Il me semble que les karens présent à Yangon ne sont pas opprimés.
Je vois que toi non plus tu n'a pas lu l'histoire du pays, pourtant je le donnais plus haut dans ce sujet.
Je vais le redonner ci-dessous mais avant, je tiens à dire que je comprends les ethnies qui veulent se séparer d'un pays brutale et sanguinaire, ce qui n'est pas le cas des "bretons" il me semble 😉
Pour ta dernière question, je t'informe que la junte souhaite s'approprier toutes les richesses du pays, et l'Etat Karen contient d'énormes richesses, et je te laisse deviner qui va vraiment en profiter !!! le PIB du Myanmar est classé 190ème sur 191 pays, il est évident que ce n'est pas le peuple qui en profite, mais bien une minorité de généraux et leurs familles.
http://www.info-birmanie.org/...on/rapport_ENSCC.doc
La Crise Constitutionnelle
A la fin de la deuxième guerre mondiale, les dirigeants des différents groupes ethniques se sont réunis en 1946 à Panglong afin de réfléchir sur la possibilité d’un avenir commun après le retrait proposé de la protection Britannique. Le Général Aung San, le dirigeant Birman artisan du combat pour l’indépendance dans la Birmanie centrale, sous contrôle anglais (par opposition aux zones demeurées relativement indépendantes), participa à la deuxième conférence de Panglong en 1947. Il proposa que les différentes factions ethniques des territoires des Régions Frontalières soient associées à la Birmanie centrale en tant que partenaires égaux d’une « Union de la Birmanie », afin d’accélérer le processus d’indépendance vis à vis de la Grande-Bretagne.

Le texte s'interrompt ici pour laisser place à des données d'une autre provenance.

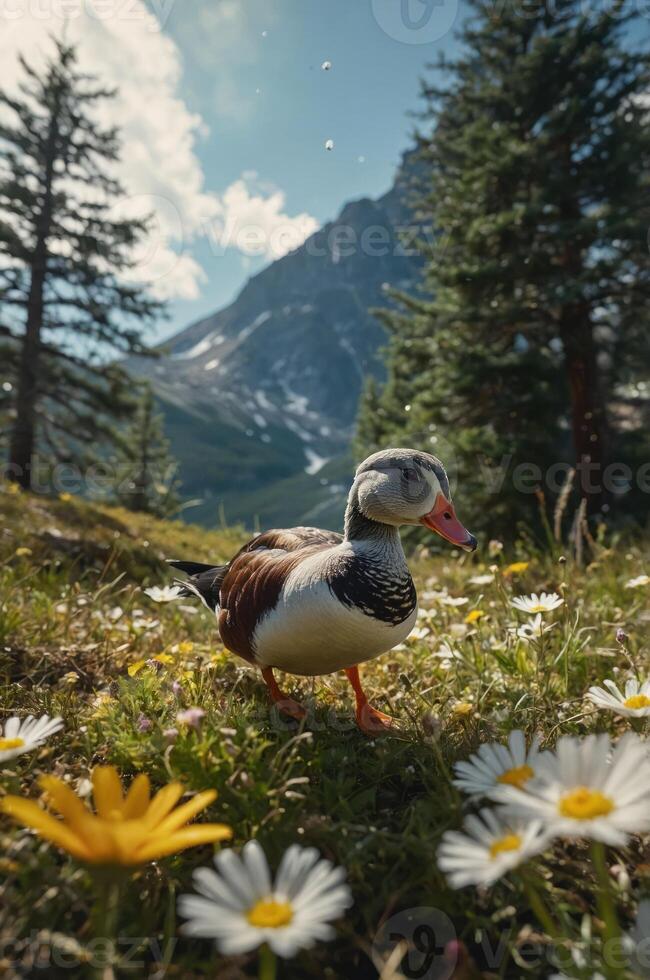A duck walks through a meadow filled with flowers, set against a mountain backdrop. photo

Les Accords de Panglong, reconnaissant l’égalité, la participation volontaire et l’autodétermination des états constitutifs, formèrent la base de la République de l’Union de Birmanie.
Mais après l’assassinat du Général Aung San en 1947, la Constitution de l’Union fut achevée à la hâte sans pour autant refléter l’Esprit de Panglong. Les régions des groupes ethniques furent reconnues comme des Etats constitutifs, mais le pouvoir se retrouvait concentré dans les mains du gouvernement central. En dépit de ces revers, les dirigeants des groupes ethniques continuèrent de soutenir le gouvernement de U Nu qui avait succédé au Général Aung San, et cela même alors que le Parti Communiste de Birmanie commençait sa révolution armée, alors que les vétérans de la guerre de l’Organisation des Volontaires du Peuple entraient dans la clandestinité, et alors que les unités Birmane de l’Armée Birmane se mutinaient. Qui plus est, les unités de l’armée, elles-mêmes composées des groupes ethniques, contribuèrent à la restauration de l’ordre et à la survie du gouvernement de U Nu.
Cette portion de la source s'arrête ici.